Le projet est officiellement lancé en juillet 2020 : de grandes banques européennes s’associent pour mettre en œuvre une structure temporaire (Interim company). Le 26 novembre 2021, c’est un total de trente-et-une banques européennes qui formalise la transformation de l’Interim company en Target company (société permanente) : phase à laquelle le projet demeure, les actionnaires finalisant le processus de prise de décision (la hauteur des financements et les parts allouées en fonction de ceux-ci).
Le but de l’EPI est de permettre de réaliser une transaction sur internet dans tous les pays partenaires sans avoir à saisir de données personnelles et permettre des transactions entre particuliers instantanément à travers l’Europe grâce à l’adresse mail ou le numéro de téléphone du bénéficiaire.
Ce projet a suscité un vif intérêt de la part des banques européennes : on retrouve autour de la table aussi bien BNP Paribas, la banque polonaise PKO ou encore la banque finlandaise OP Financial Group. Il obtient aussi le soutien des autorités politiques : les ministres des finances de sept pays de la zone euro, dont la France et l’Allemagne, mais aussi la Commission européenne et la BCE appuient le projet.

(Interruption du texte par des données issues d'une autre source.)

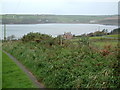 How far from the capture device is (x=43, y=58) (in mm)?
10398

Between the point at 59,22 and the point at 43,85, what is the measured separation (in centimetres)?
1994

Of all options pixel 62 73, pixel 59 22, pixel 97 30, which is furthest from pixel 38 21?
pixel 62 73

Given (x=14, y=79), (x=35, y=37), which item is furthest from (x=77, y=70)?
(x=35, y=37)

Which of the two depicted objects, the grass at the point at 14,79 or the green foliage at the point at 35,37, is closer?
the grass at the point at 14,79

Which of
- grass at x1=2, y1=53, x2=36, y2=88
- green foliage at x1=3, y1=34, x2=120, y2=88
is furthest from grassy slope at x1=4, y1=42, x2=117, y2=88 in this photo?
grass at x1=2, y1=53, x2=36, y2=88

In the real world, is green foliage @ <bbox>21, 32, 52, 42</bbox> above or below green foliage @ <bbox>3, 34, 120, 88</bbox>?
above

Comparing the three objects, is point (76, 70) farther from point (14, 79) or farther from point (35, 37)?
point (35, 37)

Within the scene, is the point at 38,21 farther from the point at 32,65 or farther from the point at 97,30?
the point at 32,65

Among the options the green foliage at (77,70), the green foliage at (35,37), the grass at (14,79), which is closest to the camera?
the green foliage at (77,70)

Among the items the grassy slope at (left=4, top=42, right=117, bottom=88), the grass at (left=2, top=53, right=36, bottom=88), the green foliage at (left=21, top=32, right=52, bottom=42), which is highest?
the green foliage at (left=21, top=32, right=52, bottom=42)

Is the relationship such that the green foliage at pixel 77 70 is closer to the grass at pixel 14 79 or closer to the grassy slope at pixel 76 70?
the grassy slope at pixel 76 70

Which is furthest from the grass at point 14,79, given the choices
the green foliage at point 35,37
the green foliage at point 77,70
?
the green foliage at point 35,37

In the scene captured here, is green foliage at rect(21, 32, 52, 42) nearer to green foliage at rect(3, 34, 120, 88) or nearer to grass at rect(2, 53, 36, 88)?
green foliage at rect(3, 34, 120, 88)

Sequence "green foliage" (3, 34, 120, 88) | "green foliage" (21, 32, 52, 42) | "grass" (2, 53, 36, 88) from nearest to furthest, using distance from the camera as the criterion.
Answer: "green foliage" (3, 34, 120, 88) < "grass" (2, 53, 36, 88) < "green foliage" (21, 32, 52, 42) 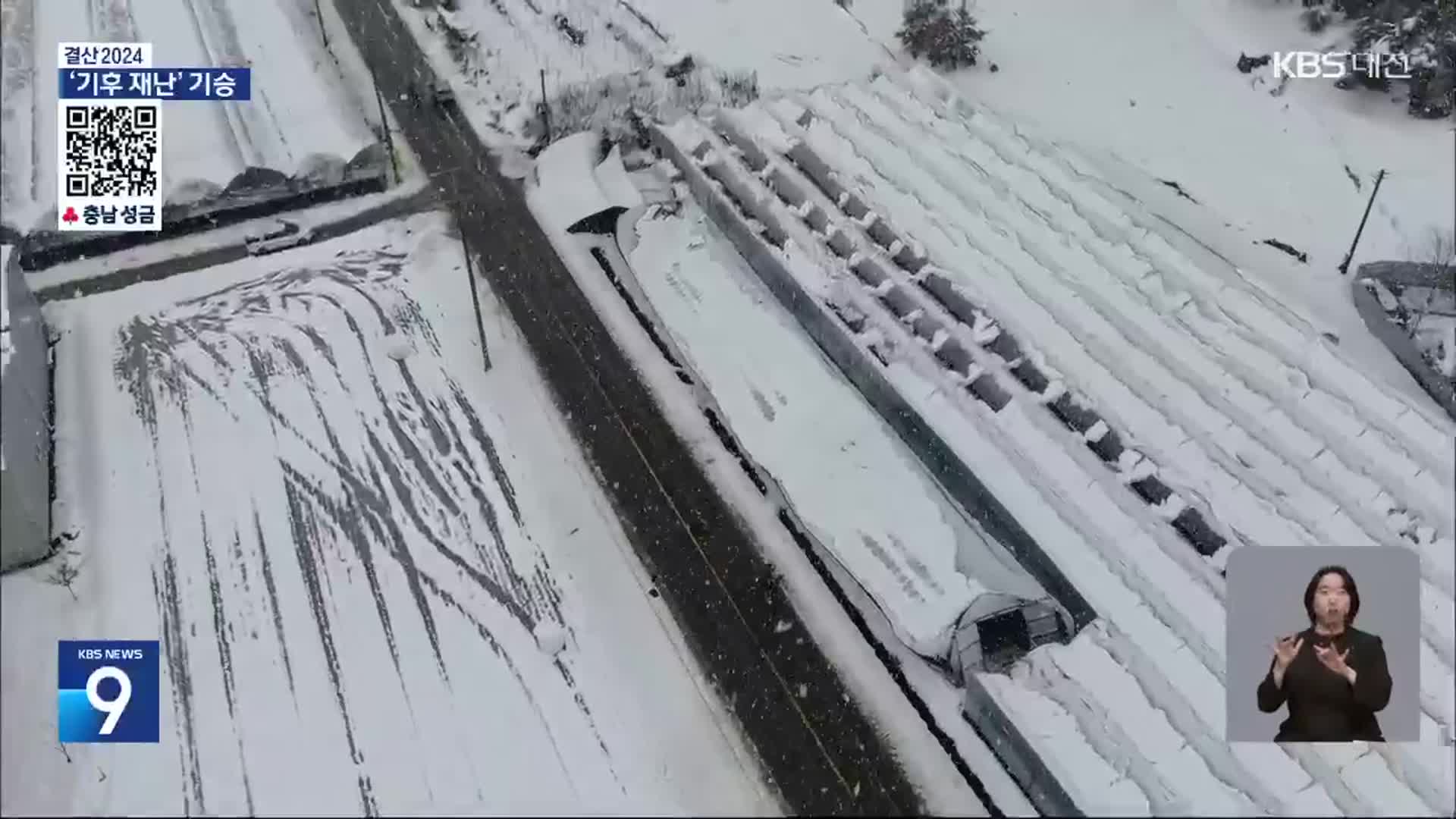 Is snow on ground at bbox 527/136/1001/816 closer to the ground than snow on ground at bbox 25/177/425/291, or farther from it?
closer to the ground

En effet, au-delà d’un renforcement du système financier européen (en réduisant la fragmentation du marché des paiements), c’est aussi la souveraineté de l’Europe face aux géants américains et asiatiques du paiement en ligne qui se joue. Le but du projet EPI est de contester aussi bien Visa que Mastercard. Ceux-ci ont la mainmise sur le secteur du paiement : proposant des services par-delà les frontières, récoltant de nombreuses données, notamment en Europe. En outre, les réseaux chinois comme UnionPay, les solutions de paiements mobiles Apple Pay (américain) ou Samsung Pay (sud-coréen) voient l’Europe comme un appétissant marché, sans réel concurrent local. L’objectif de l’EPI est donc de proposer un service de paiement européen uniforme et sécurisé aux habitants de l’UE. Celui-ci sera soumis aux normes de sécurité européennes, celles-ci étant plus strictes quant à la gestion des données personnelles que celles des États-Unis ou de la Chine.· C’est donc une initiative très ambitieuse que les banques européennes cherchent à concrétiser, avec les encouragements des autorités politiques. Le problème rencontré en début de semaine n’est pas dramatique : des négociations et compromis ont toujours lieu. Pour autant des défections en cascade peuvent mener à un abandon général : le coût à assumer devenant trop important pour les banques restantes et les 1.5 milliards de fonds nécessaires à la concrétisation du projet étant impossible à trouver. Dans ce scénario, l’ambition d’un service de paiement européen uniforme devra retourner au stade des discussions théoriques et cryptiques entre spécialistes et chercheurs.